■ **Problem description**
Begin at the top of the records below and return each line exactly through the line with "Evangeelin-hills on BongaCams". Skip pictures.

------------------------------------------------

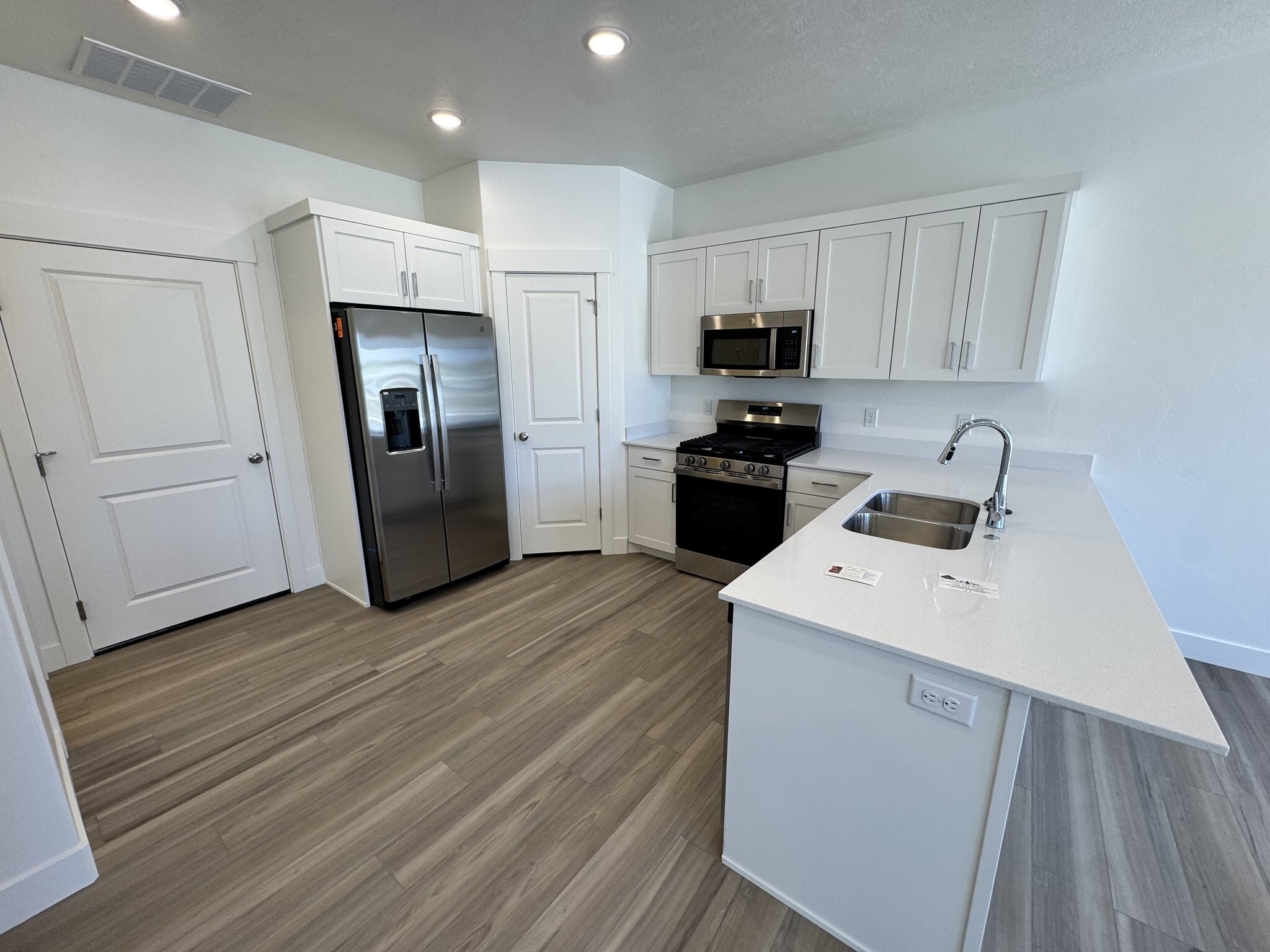 Building Photo - 532 S 1215 W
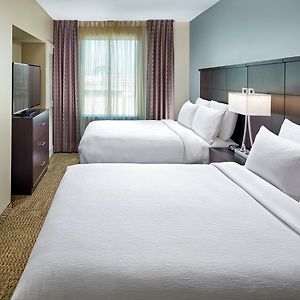One-Bedroom Queen Suite Hearing accessible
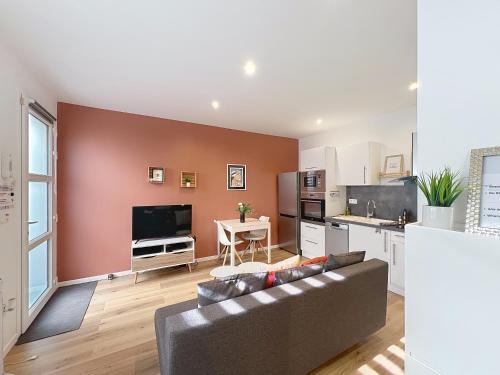 Le Rémois - Appartement rare - Cour privée - Parking - Reims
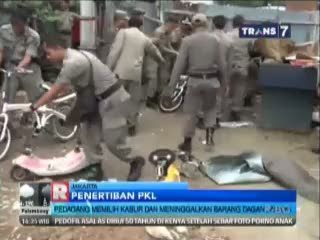 Penertiban PKL Diwarnai Aksi Protes Pedagang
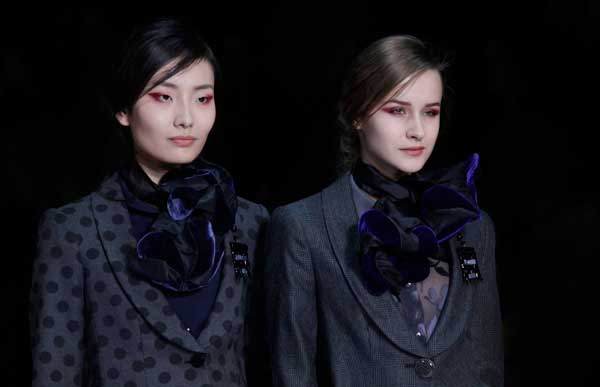 Women Suits – How To Wear The Masculine Suit?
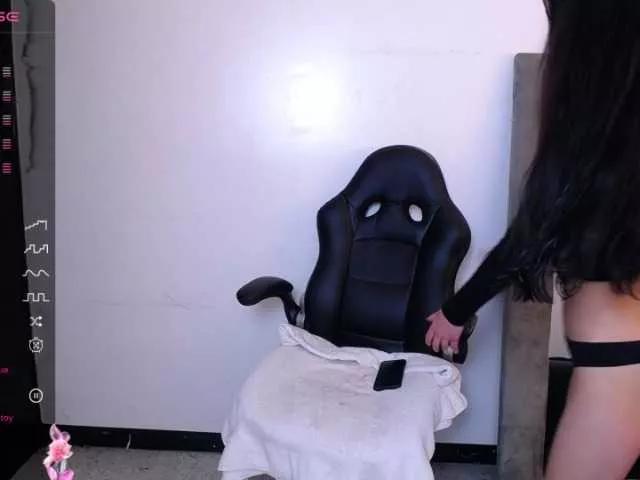 Evangeelin-hills on BongaCams 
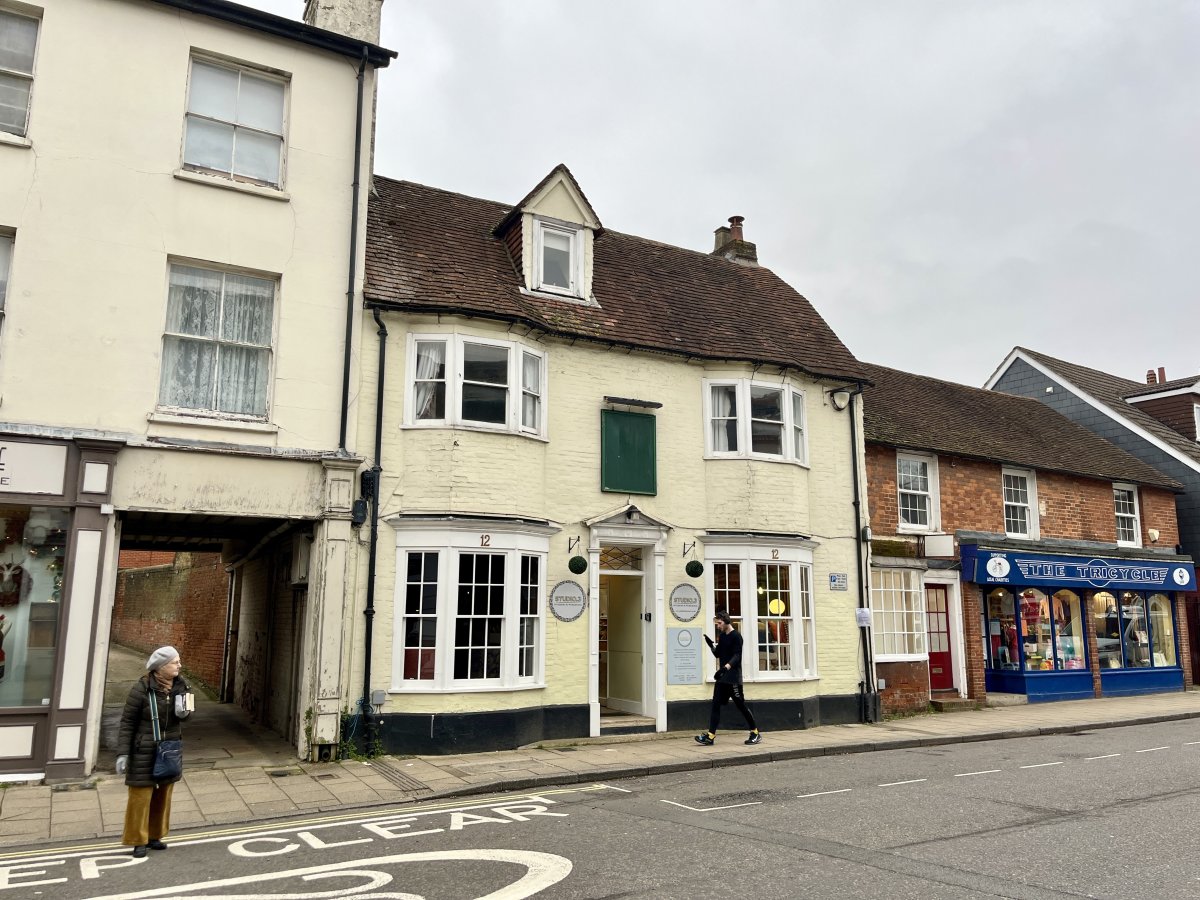 Retail in Alton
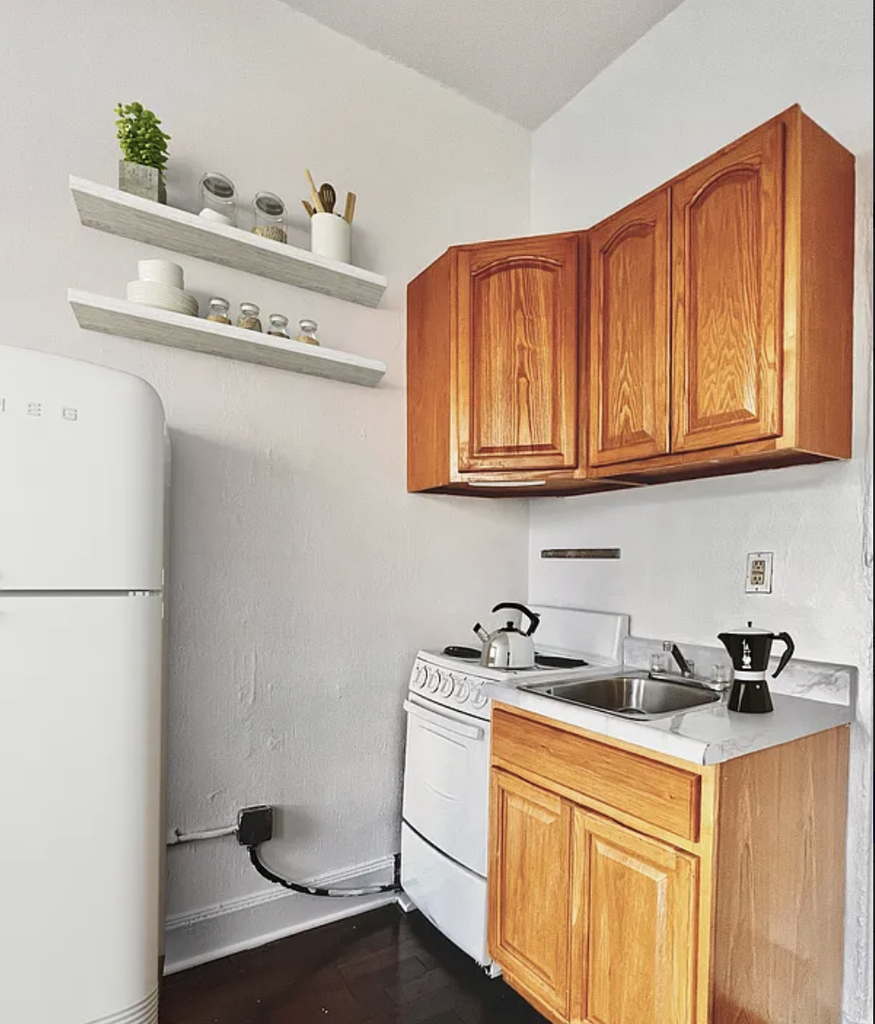 2nd Avenue - Photo 2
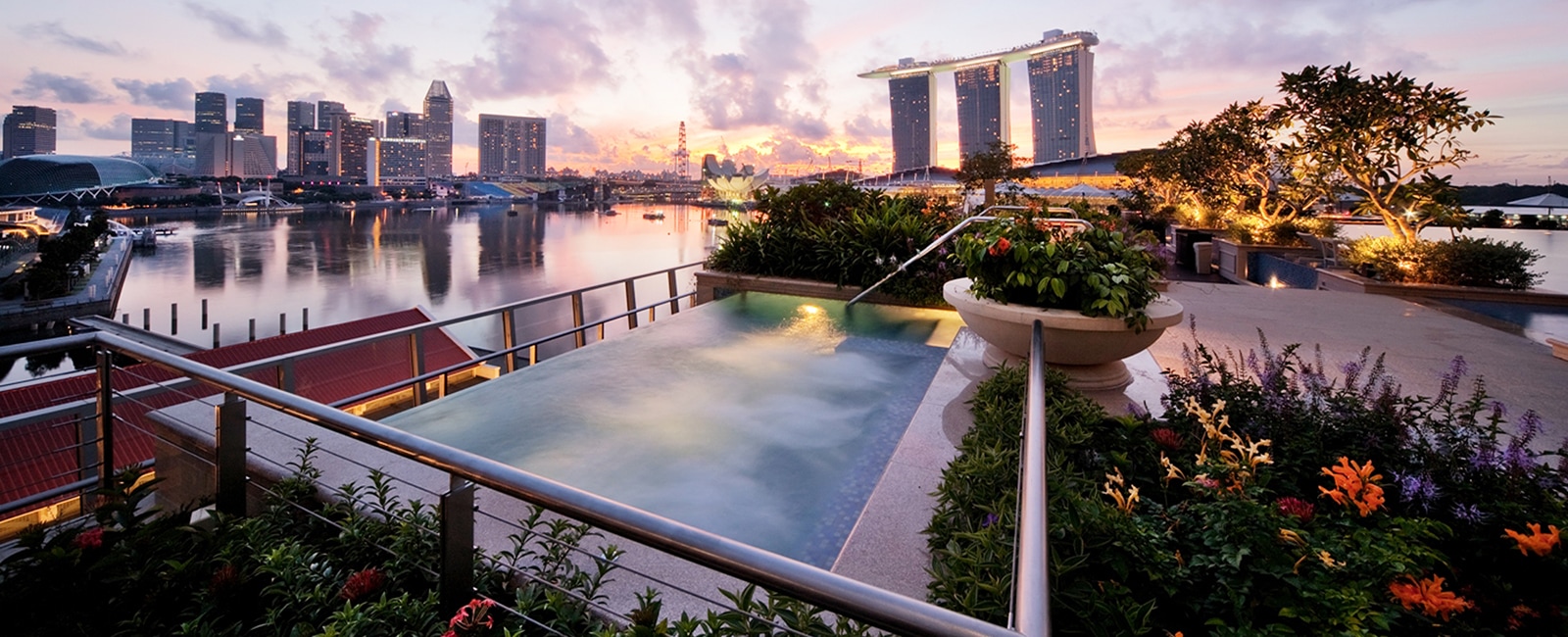 fullerton bay hotel rooftop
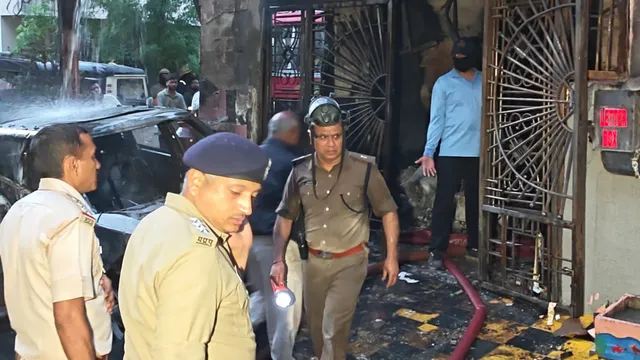 इंदौर में 7 लोगों की जिंदा जलकर मौत, EV चार्जिंग के दौरान घर में लगी आग; कई सिलिंडर फटे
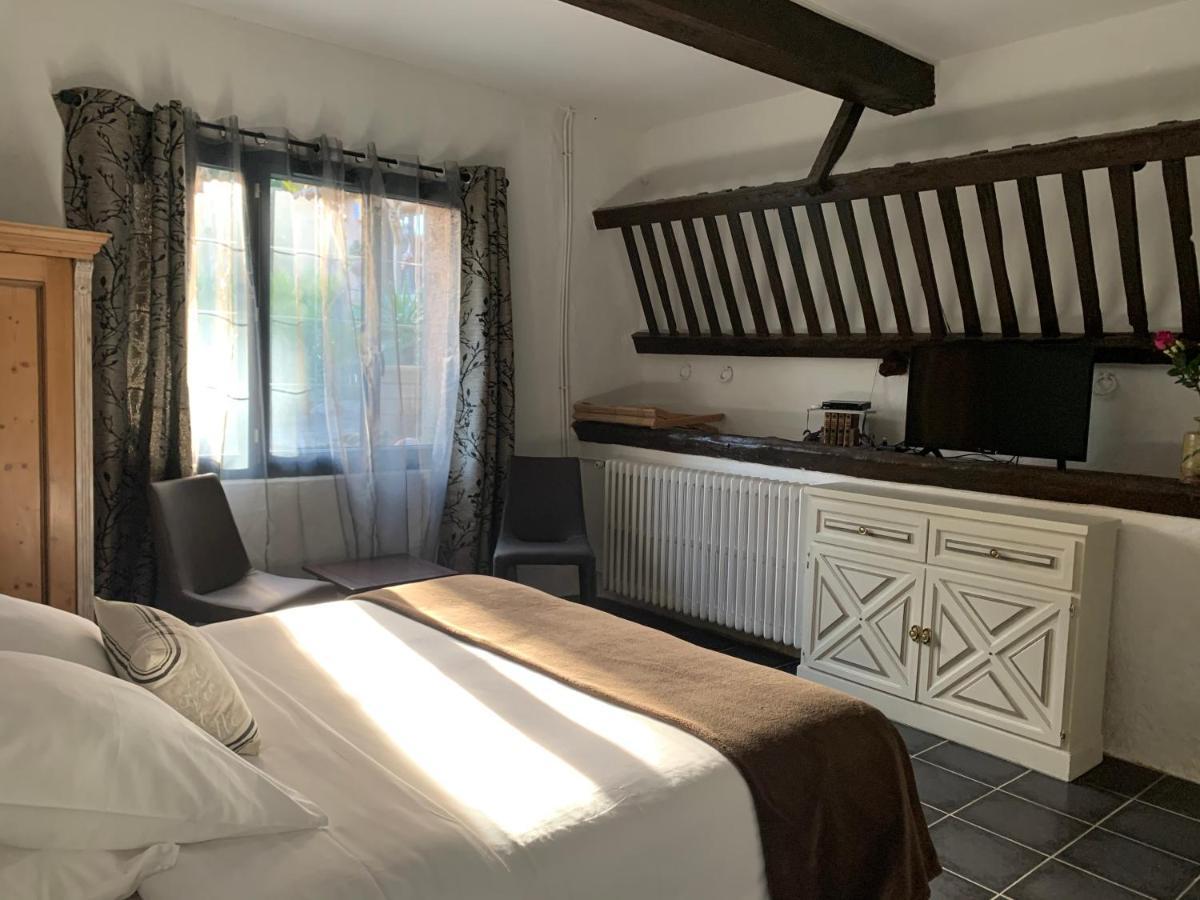 Casa9 Hotel Thuir Bagian luar foto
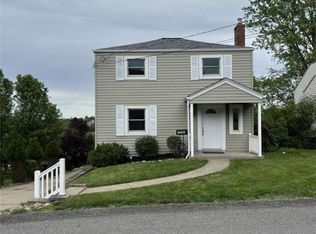 3309 Woodvue Dr, Pittsburgh, PA 15227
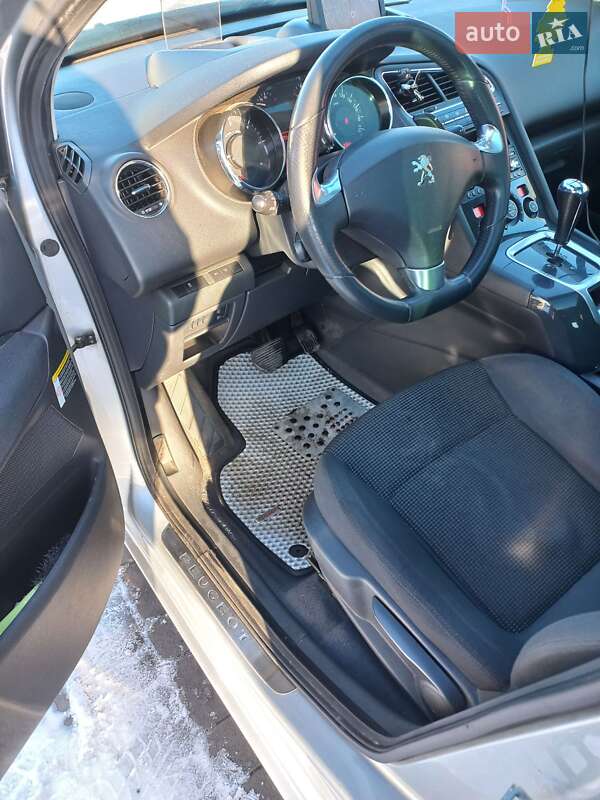 Микровэн Peugeot 5008 2014 в Шептицькому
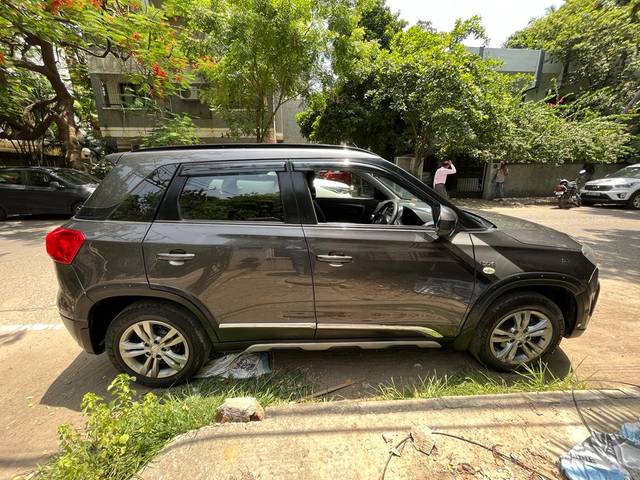 https://images10.gaadi.com/usedcar_image/3548455/original/17bed0f5-da5d-48d3-b226-ae24be2bc0c0-used_car_2850161_1692774293.jpg?imwidth=6401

------------------------------------------------

■ **Exercise output**
 Building Photo - 532 S 1215 W
One-Bedroom Queen Suite Hearing accessible
 Le Rémois - Appartement rare - Cour privée - Parking - Reims
 Penertiban PKL Diwarnai Aksi Protes Pedagang
 Women Suits – How To Wear The Masculine Suit?
 Evangeelin-hills on BongaCams 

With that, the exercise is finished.